_Task to complete_
Where an image appears in the data, omit it and reproduce the rest exactly.

--- Data provided Enclosed Below ---

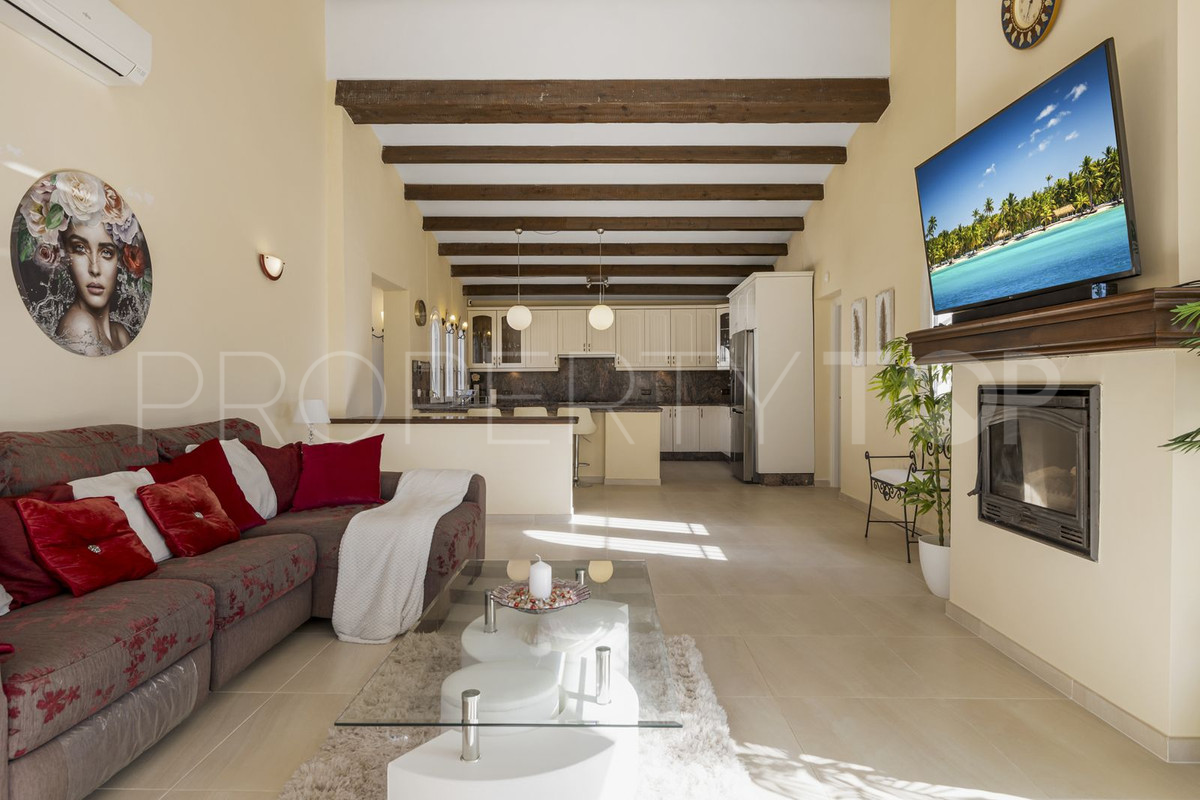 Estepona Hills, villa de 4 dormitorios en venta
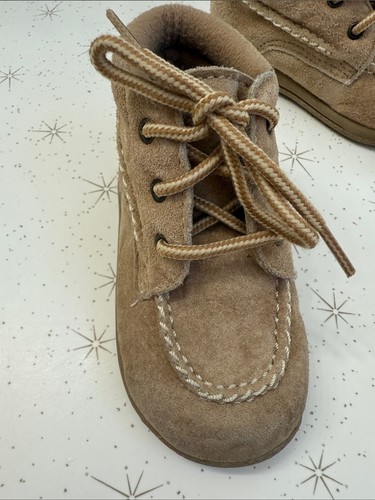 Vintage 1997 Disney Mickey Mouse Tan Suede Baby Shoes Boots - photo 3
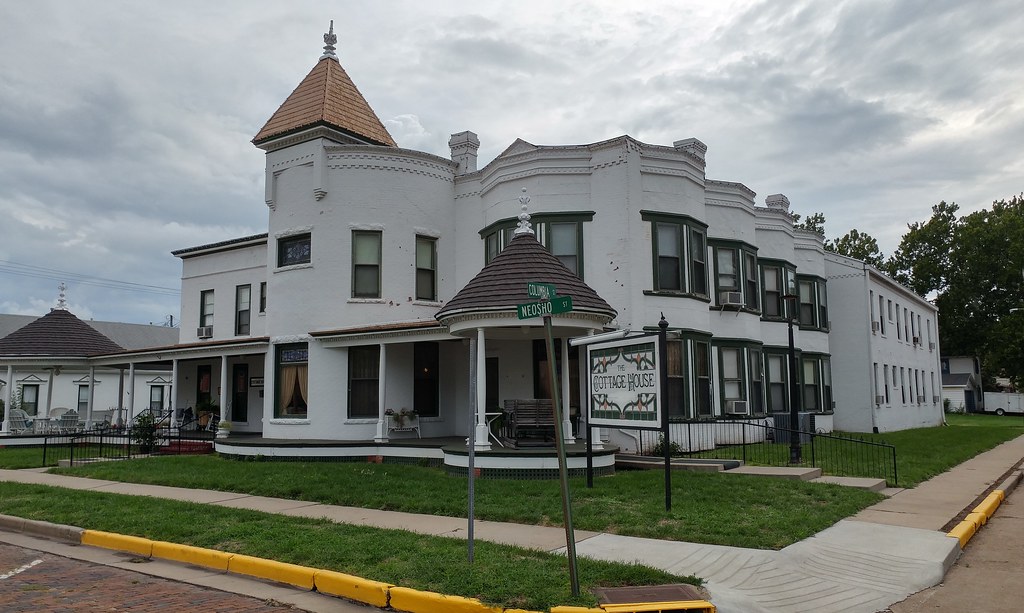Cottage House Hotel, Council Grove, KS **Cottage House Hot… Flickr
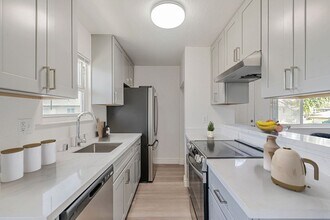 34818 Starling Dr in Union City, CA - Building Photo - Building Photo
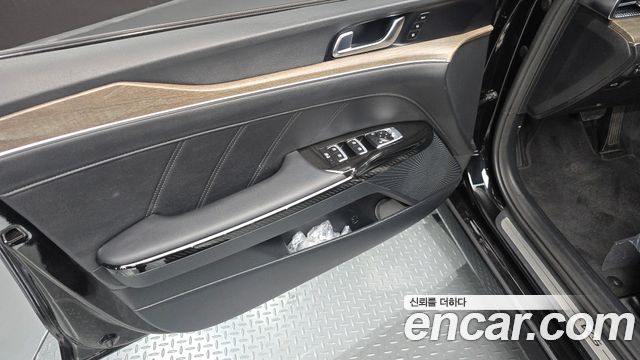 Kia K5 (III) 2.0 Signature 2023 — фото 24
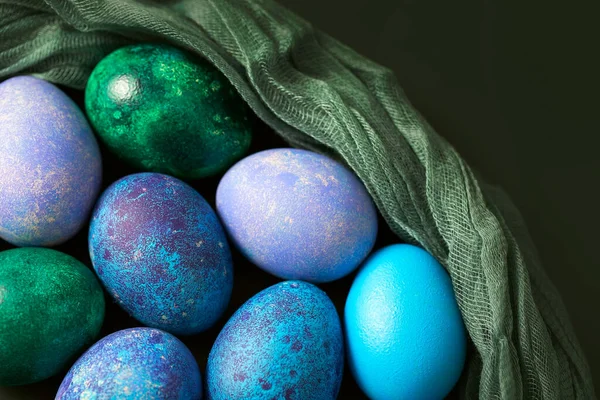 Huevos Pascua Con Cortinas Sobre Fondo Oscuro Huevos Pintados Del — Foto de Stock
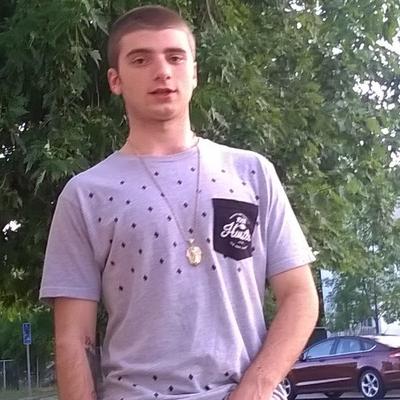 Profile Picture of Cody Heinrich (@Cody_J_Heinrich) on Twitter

--- End of Enclosed Data provided ---

_Solution to this task_
 Estepona Hills, villa de 4 dormitorios en venta
 Vintage 1997 Disney Mickey Mouse Tan Suede Baby Shoes Boots - photo 3
Cottage House Hotel, Council Grove, KS **Cottage House Hot… Flickr
 34818 Starling Dr in Union City, CA - Building Photo - Building Photo
 Kia K5 (III) 2.0 Signature 2023 — фото 24
 Huevos Pascua Con Cortinas Sobre Fondo Oscuro Huevos Pintados Del — Foto de Stock
 Profile Picture of Cody Heinrich (@Cody_J_Heinrich) on Twitter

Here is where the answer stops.